Louisville, Kentucky.
di Marco Tagliabue
24 agosto 2013
Dieci e più anni fa, in pieno fulgore post-rock, gli Slint te li ritrovavi a colazione, pranzo e cena. L’unico cruccio è che Vespa non abbia mai dedicato loro una puntata di Porta a Porta…chissà, forse non ha fatto in tempo, travolto, pure lui, da nuove mode e nuovi miti. Pluri citati, pluri ringraziati, pluri suonati, pluri copiati, i riconosciuti padri fondatori del post-rock sono riusciti a prendersi una bella rivincita verso chi, ovvero proprio tutti, li aveva bellamente ignorati in vita. Tutto quello che riuscì a guadagnarsi nell’anno della sua uscita, Spiderland (Touch And Go, 1991), secondo album e capolavoro del gruppo, fu un trafiletto sulle colonne di Rockerilla in una sottorubrica intitolata Underground Usa. Almeno dalle nostre parti, s’intende.
Davvero un po’ troppo poco per un album che, solo qualche anno dopo, sarebbe finito in tutte le isole deserte della generazione post-grunge, considerato anche che il primo lavoro della band, Tweez (Jennifer Hartman, 1989), penalizzato all’epoca della sua uscita da una distribuzione poco più che carbonara, sarebbe finito nelle orecchie dei più solo nel 1993, dopo Spiderland quindi, grazie alla ristampa su Touch And Go. Del resto, all’epoca dei fatti, si era tutti troppo impegnati ad inseguire un bimbo che stava per abboccare all’amo attirato da un’esca un po’ particolare, per potersi permettere distrazioni di questo tipo. Eppure, l’importanza storica del gruppo che raccolse il chitarrista Brian McMaham ed il batterista Britt Walford dalle ceneri degli Squirrel Bait, e li unì all’altra chitarra di David Pajo alternando al basso Ethan Buckler prima e Todd Brasher poi, fu davvero capitale.
Gli Slint raccolsero il testimone della generazione post hardcore per arrivare alla sua trasformazione ultima e definitiva. Quel suono, già minato da innumerevoli contaminazioni, venne destrutturato e fatto a pezzi fino a ridurlo al fantasma di se stesso, venne rallentato, ripulito, raffreddato, sospeso, dilatato fino a renderlo irriconoscibile, fino ad estirparne tutte le radici. Fino a rivoluzionarlo, a rifondarlo dal suo interno. Fino a dare un’altra possibilità al rock.
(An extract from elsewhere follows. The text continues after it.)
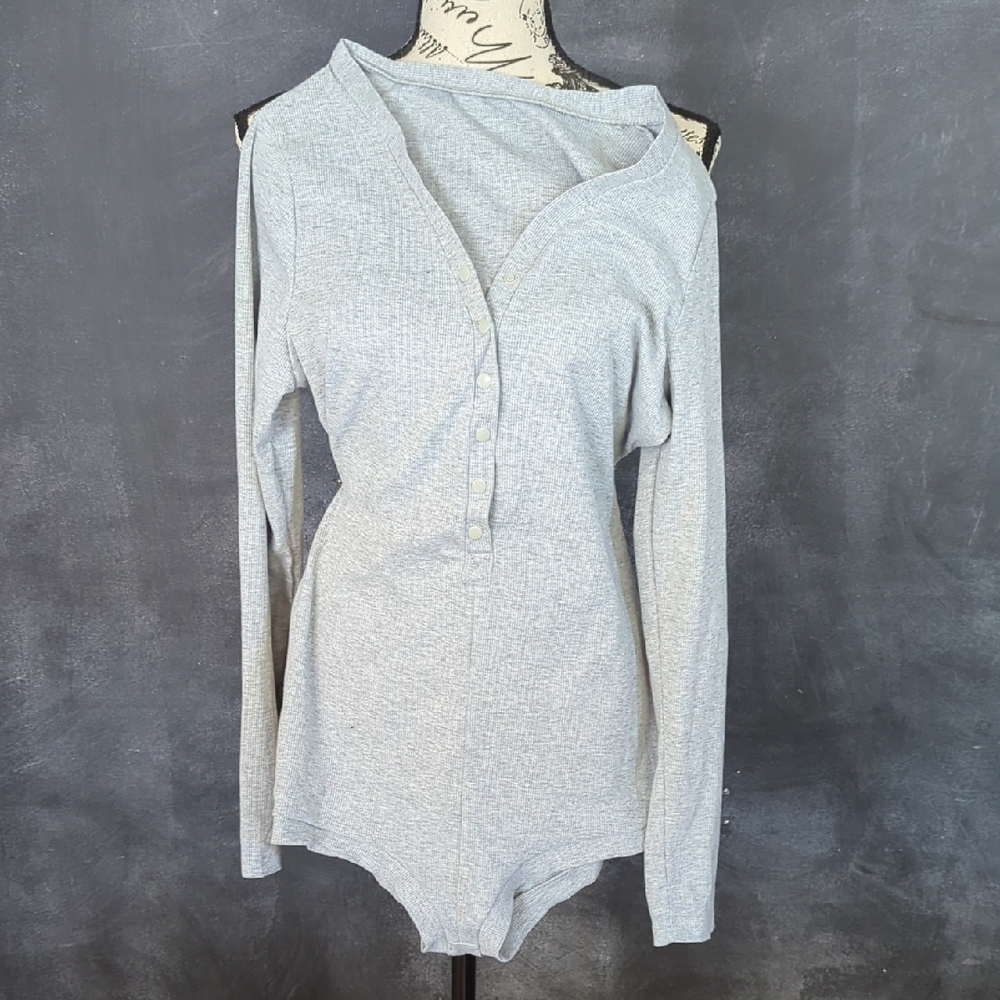 Gray Long Sleeve Henley Romper Pajamas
Ecco perché quando si parla di post-rock –ma chiamatelo come volete perché è sicuramente meglio- non si può prescindere da un disco come Spiderland, per arrivare, e a ragione, ad attribuirgliene la paternità definitiva.
Le intuizioni di Tweez –prevalenza delle parti strumentali, assenza del cantato in forma tradizionale (ridotto, il più delle volte ad un semplice parlato), alternanza fra tessiture chitarristiche limpide e cristalline ed esplosioni di energia di chiara derivazione hardcore, ritmiche rallentate e sconnesse- vengono calibrate e messe a fuoco per assumere una forma definitiva già ben rappresentata dall’iniziale Breadcrumb Trail. Una partenza lenta, con un recitato mesto e sommesso e frasi di chitarra liquide e precise; quando il brano s’impenna la voce si fa urlo strozzato in gola, il ritmo si mantiene lento e catatonico mentre le chitarre scaricano energia senza perdere in pulizia e precisione. Nella successiva Nosferatu Man sale il ritmo ed aumenta la violenza delle esplosioni chitarristiche e della voce benché tutto rimanga sotto controllo, secondo un ordine di fondo che sembra ineludibile. Don, Aman fragile e sussurrata su uno scheletro di chitarra, sembra sempre in procinto di esplodere, ma la rabbia cova fino in fondo per liberarsi in una docile impennata chitarristica. Washer, dolce e ipnotica, libera trame di chitarra che non vanno mai sopra le righe ed una voce morbida, vellutata e gentile che per la prima ed unica volta si può definire canto. Sembra destinata ad un’esplosione di zuccheri, ma nel finale arriva anche quella delle chitarre che si stempera subito in più gentili trame. Nella successiva For Dinner… le parole vengono meno e restano solo le chitarre, placide come mai, mentre la chiusura affidata a Good Morning, Captain recupera gli abituali ingredienti con una base ritmica che brilla di luce propria e guadagna spazi da protagonista prima di venire doppiata dalle chitarre ed esplodere in un finale violento e liberatorio, in cui anche la voce molla i freni inibitori e diventa urlo famelico. Poi solo il silenzio, quello stesso silenzio che parrebbe dover calare per sempre sulla meteora degli Slint, già bruciati e destinati all’oblio. Sappiamo, per fortuna, che non è andata proprio così.